Why not the default jinja2?

jinja2's default escape works great for HTML but is not user-friendly for latex because latex heavily uses curly brackets {} .

For example, if you want to produce the following latex code:

x = \frac{b}{c}

Where b and c will be replaced by an actual number, for example: {"b": 42, "c": 3}.

The jinja2 version will be:

from jinja2 import Template

template = """
x = \\frac{{{ b }}}{{"{"}}{{ c }}{{"}"}}
"""
# {{"}"}} will render to }

data = {
    'a': 13,
    'b': 42,
    'c': 3
}

j2_template = Template(template)
print(j2_template.render(data))

You will notice that because both latex and jinja2 heavily rely on {}, the template string will be populated with {}, make it hard to read and modify.

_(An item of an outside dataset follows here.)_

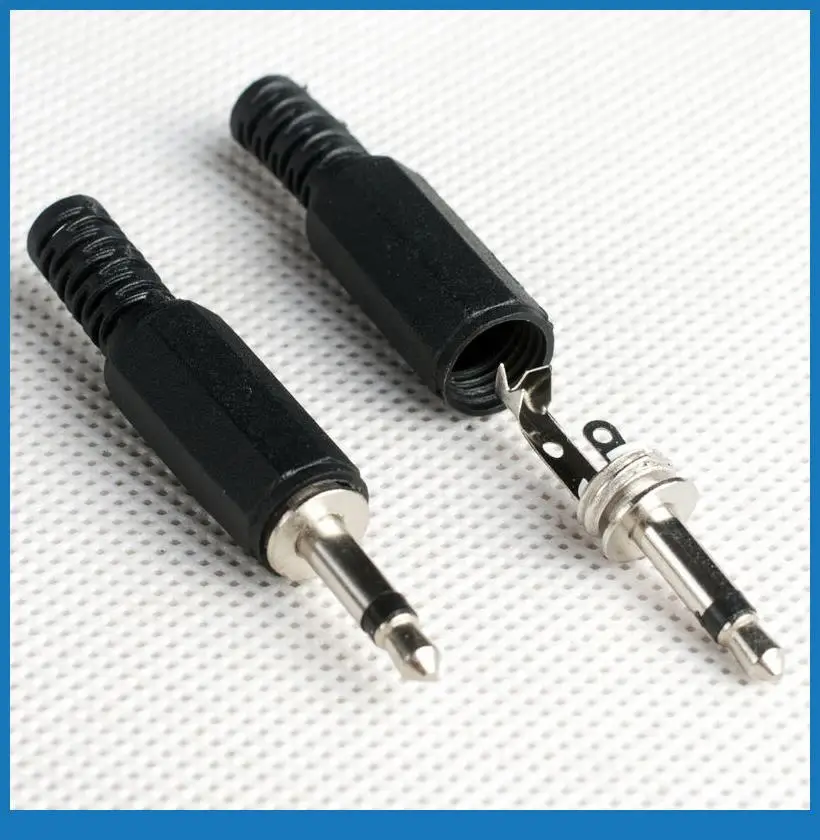 10 pcs, 1/8 '3.5mm Mono JACK PLUG AUDIO 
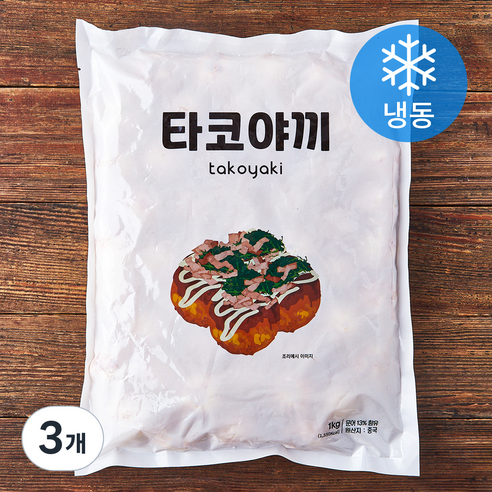 이안 타코야끼 (냉동), 1kg, 3개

In templatex, we can write the following code:

from templatex import Template

template = """
x = \\frac{@= b =@}{@= c =@}
"""

data = {
    'a': 13,
    'b': 42,
    'c': 3
}

j2_template = Template(template)
print(j2_template.render(data))

What this package changes

Changed Default Jinja2 configuration.

Template changes jinja2's default configuration to the following:

Enviroment(
    loader,
    trim_blocks=True,
    block_start_string='@@',
    block_end_string='@@',
    variable_start_string='@=',
    variable_end_string='=@',
    autoescape=False,
    comment_start_string='\#{',
    comment_end_string='}',
    line_statement_prefix='%%',
    line_comment_prefix='%#',
)

As a result, you only need to adopt the following syntax:

  • variable render: @= var_name =@
  • block logic: @@ for my_item in my_collection @@
  • comment: \#{ your comment }

Add a latex escape filter

Jinja2, by default, will perform auto HTML escaping on rendered variables, but I couldn't figure out how to change its default escape filter implementation. As a result, we disabled this feature and provided a latex escape filter so template authors can manually escape string variables as needed.

For example:

When rendering @= my_var =@, and if my_var="$5.0", the resulting latex code cannot be compiled due to the unescaped $ character. You can use @= my_var | escape_latex =@, where the escape_latex filter will escape $ character to valid latex: \$.

Other features

Since this is still the same jinja2 engine at its core, users should refer to the jinja2 site for documentation on other features.

Inspiration

I adopted the solution from this answer on stackoverflow, and added some modifications.